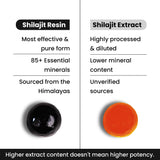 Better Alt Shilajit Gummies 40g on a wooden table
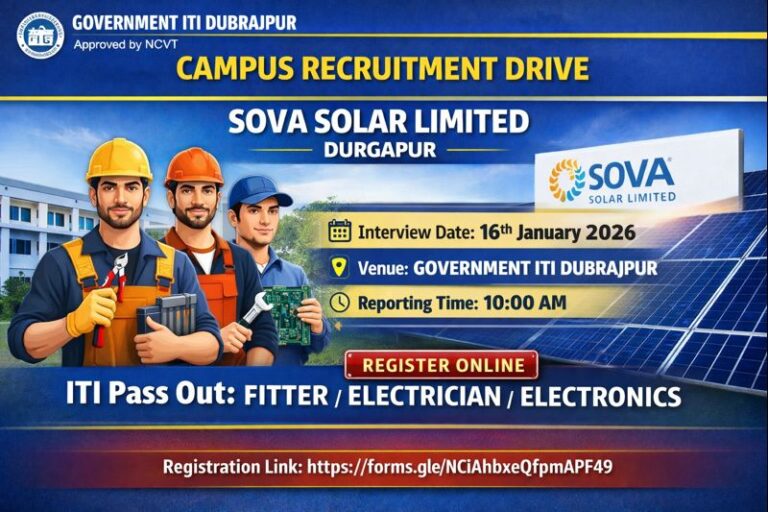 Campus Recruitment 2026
---------------
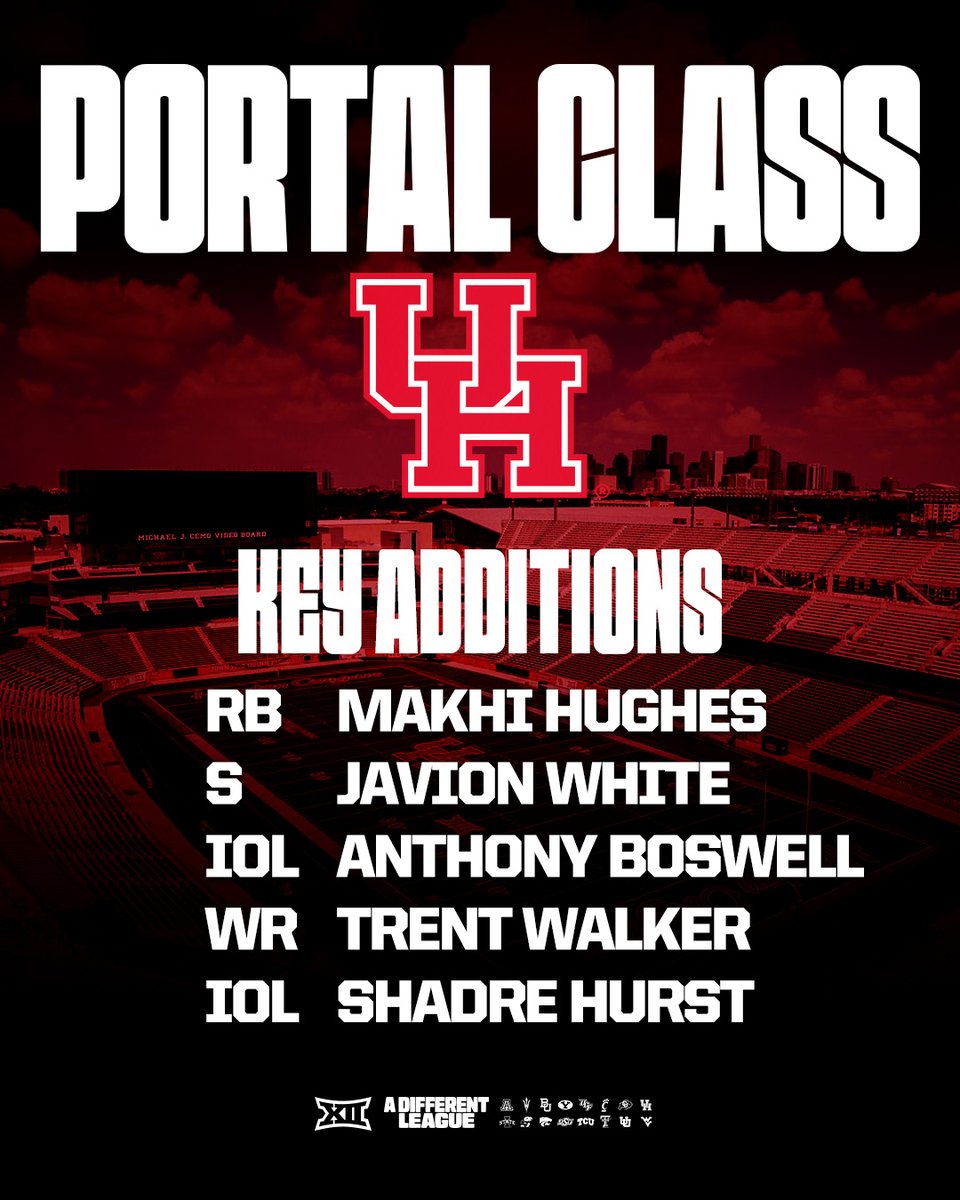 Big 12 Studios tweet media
---------------
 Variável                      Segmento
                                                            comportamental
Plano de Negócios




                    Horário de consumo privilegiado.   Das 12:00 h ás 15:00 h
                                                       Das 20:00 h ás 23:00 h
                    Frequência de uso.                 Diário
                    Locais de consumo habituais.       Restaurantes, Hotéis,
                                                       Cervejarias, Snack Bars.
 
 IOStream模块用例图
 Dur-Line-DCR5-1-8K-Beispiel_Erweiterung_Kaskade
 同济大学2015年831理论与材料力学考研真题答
---------------
▶ _YOUR INSTRUCTIONS_: Find the word "consumo" in the material, then list each line that holds it.

▶ _ANSWER SPACE_:
                    Horário de consumo privilegiado.   Das 12:00 h ás 15:00 h
                    Locais de consumo habituais.       Restaurantes, Hotéis,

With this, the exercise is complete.